▸ Task
For every line in the material, print that line exactly.
─── Listed records
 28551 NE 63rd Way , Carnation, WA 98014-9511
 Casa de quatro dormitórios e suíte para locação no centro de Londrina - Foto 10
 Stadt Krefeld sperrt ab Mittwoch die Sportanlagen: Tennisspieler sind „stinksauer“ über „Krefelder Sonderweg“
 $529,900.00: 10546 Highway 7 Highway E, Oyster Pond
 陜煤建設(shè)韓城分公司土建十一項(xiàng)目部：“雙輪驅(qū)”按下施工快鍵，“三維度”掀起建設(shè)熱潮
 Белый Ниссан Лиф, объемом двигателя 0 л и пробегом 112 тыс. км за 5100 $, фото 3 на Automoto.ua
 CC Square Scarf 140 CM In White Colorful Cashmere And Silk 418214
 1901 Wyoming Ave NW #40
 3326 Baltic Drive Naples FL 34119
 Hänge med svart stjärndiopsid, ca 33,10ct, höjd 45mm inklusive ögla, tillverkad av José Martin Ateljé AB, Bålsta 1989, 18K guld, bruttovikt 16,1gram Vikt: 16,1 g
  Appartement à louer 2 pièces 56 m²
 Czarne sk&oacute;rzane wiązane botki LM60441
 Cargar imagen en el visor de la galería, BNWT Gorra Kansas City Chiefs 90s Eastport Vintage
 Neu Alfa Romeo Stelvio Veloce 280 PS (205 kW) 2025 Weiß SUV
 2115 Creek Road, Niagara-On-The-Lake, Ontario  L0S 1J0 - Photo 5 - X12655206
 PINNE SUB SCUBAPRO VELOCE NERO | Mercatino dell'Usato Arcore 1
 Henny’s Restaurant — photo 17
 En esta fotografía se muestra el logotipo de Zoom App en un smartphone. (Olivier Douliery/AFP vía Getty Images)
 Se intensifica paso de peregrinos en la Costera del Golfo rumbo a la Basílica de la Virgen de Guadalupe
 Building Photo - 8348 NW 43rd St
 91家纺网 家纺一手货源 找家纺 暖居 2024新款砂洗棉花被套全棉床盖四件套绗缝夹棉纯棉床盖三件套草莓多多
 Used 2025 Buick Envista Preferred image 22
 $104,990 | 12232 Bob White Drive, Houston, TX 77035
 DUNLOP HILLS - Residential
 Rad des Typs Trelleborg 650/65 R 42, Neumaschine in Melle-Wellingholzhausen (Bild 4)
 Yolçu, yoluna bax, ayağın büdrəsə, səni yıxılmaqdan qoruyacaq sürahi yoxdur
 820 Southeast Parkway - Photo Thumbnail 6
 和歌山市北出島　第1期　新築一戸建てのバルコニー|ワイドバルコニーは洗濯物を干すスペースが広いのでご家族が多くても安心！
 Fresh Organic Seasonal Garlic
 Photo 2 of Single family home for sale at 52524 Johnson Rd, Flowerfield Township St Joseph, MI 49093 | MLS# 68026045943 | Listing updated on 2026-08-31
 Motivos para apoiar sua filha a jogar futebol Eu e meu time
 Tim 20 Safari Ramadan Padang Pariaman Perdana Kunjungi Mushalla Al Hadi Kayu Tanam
──────
▸ Answer section
 28551 NE 63rd Way , Carnation, WA 98014-9511
 Casa de quatro dormitórios e suíte para locação no centro de Londrina - Foto 10
 Stadt Krefeld sperrt ab Mittwoch die Sportanlagen: Tennisspieler sind „stinksauer“ über „Krefelder Sonderweg“
 $529,900.00: 10546 Highway 7 Highway E, Oyster Pond
 陜煤建設(shè)韓城分公司土建十一項(xiàng)目部：“雙輪驅(qū)”按下施工快鍵，“三維度”掀起建設(shè)熱潮
 Белый Ниссан Лиф, объемом двигателя 0 л и пробегом 112 тыс. км за 5100 $, фото 3 на Automoto.ua
 CC Square Scarf 140 CM In White Colorful Cashmere And Silk 418214
 1901 Wyoming Ave NW #40
 3326 Baltic Drive Naples FL 34119
 Hänge med svart stjärndiopsid, ca 33,10ct, höjd 45mm inklusive ögla, tillverkad av José Martin Ateljé AB, Bålsta 1989, 18K guld, bruttovikt 16,1gram Vikt: 16,1 g
  Appartement à louer 2 pièces 56 m²
 Czarne sk&oacute;rzane wiązane botki LM60441
 Cargar imagen en el visor de la galería, BNWT Gorra Kansas City Chiefs 90s Eastport Vintage
 Neu Alfa Romeo Stelvio Veloce 280 PS (205 kW) 2025 Weiß SUV
 2115 Creek Road, Niagara-On-The-Lake, Ontario  L0S 1J0 - Photo 5 - X12655206
 PINNE SUB SCUBAPRO VELOCE NERO | Mercatino dell'Usato Arcore 1
 Henny’s Restaurant — photo 17
 En esta fotografía se muestra el logotipo de Zoom App en un smartphone. (Olivier Douliery/AFP vía Getty Images)
 Se intensifica paso de peregrinos en la Costera del Golfo rumbo a la Basílica de la Virgen de Guadalupe
 Building Photo - 8348 NW 43rd St
 91家纺网 家纺一手货源 找家纺 暖居 2024新款砂洗棉花被套全棉床盖四件套绗缝夹棉纯棉床盖三件套草莓多多
 Used 2025 Buick Envista Preferred image 22
 $104,990 | 12232 Bob White Drive, Houston, TX 77035
 DUNLOP HILLS - Residential
 Rad des Typs Trelleborg 650/65 R 42, Neumaschine in Melle-Wellingholzhausen (Bild 4)
 Yolçu, yoluna bax, ayağın büdrəsə, səni yıxılmaqdan qoruyacaq sürahi yoxdur
 820 Southeast Parkway - Photo Thumbnail 6
 和歌山市北出島　第1期　新築一戸建てのバルコニー|ワイドバルコニーは洗濯物を干すスペースが広いのでご家族が多くても安心！
 Fresh Organic Seasonal Garlic
 Photo 2 of Single family home for sale at 52524 Johnson Rd, Flowerfield Township St Joseph, MI 49093 | MLS# 68026045943 | Listing updated on 2026-08-31
 Motivos para apoiar sua filha a jogar futebol Eu e meu time
 Tim 20 Safari Ramadan Padang Pariaman Perdana Kunjungi Mushalla Al Hadi Kayu Tanam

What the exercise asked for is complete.